NASA Tries to Rewrite the Book on Science Fiction, Wall Street Journal
"Getting a message across embedded in a narrative rather than as an overt ad or press release is a subtle way of trying to influence people's minds," says Charles Seife, author of "Decoding the Universe," who has written about NASA's efforts to rebrand itself. "It makes me worry about propaganda." Enidia Santiago-Arce, a NASA official who is coordinating the author-scientist exchanges, says the agency isn't pushing pro-NASA story lines. The collaboration doesn't include any NASA funding. "They write whatever they want," she said. "We provide them with people who have the expertise to help make it as accurate as it can be within the realms of science fiction."
Keith's note: (Sigh) now NASA hater and journalism professor Charles Seife thinks NASA is mounting a "propaganda" effort via SciFi writers. WIth regard to bias and propaganda, I wonder how he'd describe his inaccurate rant from last week. Was he trying to sway people's opinions about NASA? Tsk tsk. Had he bothered to read the language of recent NASA authorization legislation - which is now signed into law - Seife would know that NASA is overtly and specifically prohibited from things such as propaganda, advertising, etc.

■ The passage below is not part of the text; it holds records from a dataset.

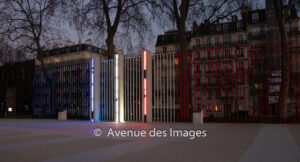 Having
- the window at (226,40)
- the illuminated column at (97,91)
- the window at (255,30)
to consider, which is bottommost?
the illuminated column at (97,91)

If Seife had any powers of observation, or had done just a little research before commenting, he'd know that SciFi has been inspiring NASA - and NASA has been inspiring SciFi - and both have been inspiring the rest of us for more than half a century - perhaps even longer. That relationship is not going to go away any time soon.
Indeed, the painting on the right, by Norman Rockwell, is one of many artistic compositions commissioned and enabled by NASA with the intent of conveying the Apollo program to a wider audience. At the time, as a young boy, I saw this image as future reality. That's what SciFi often does, right? Then NASA makes it real.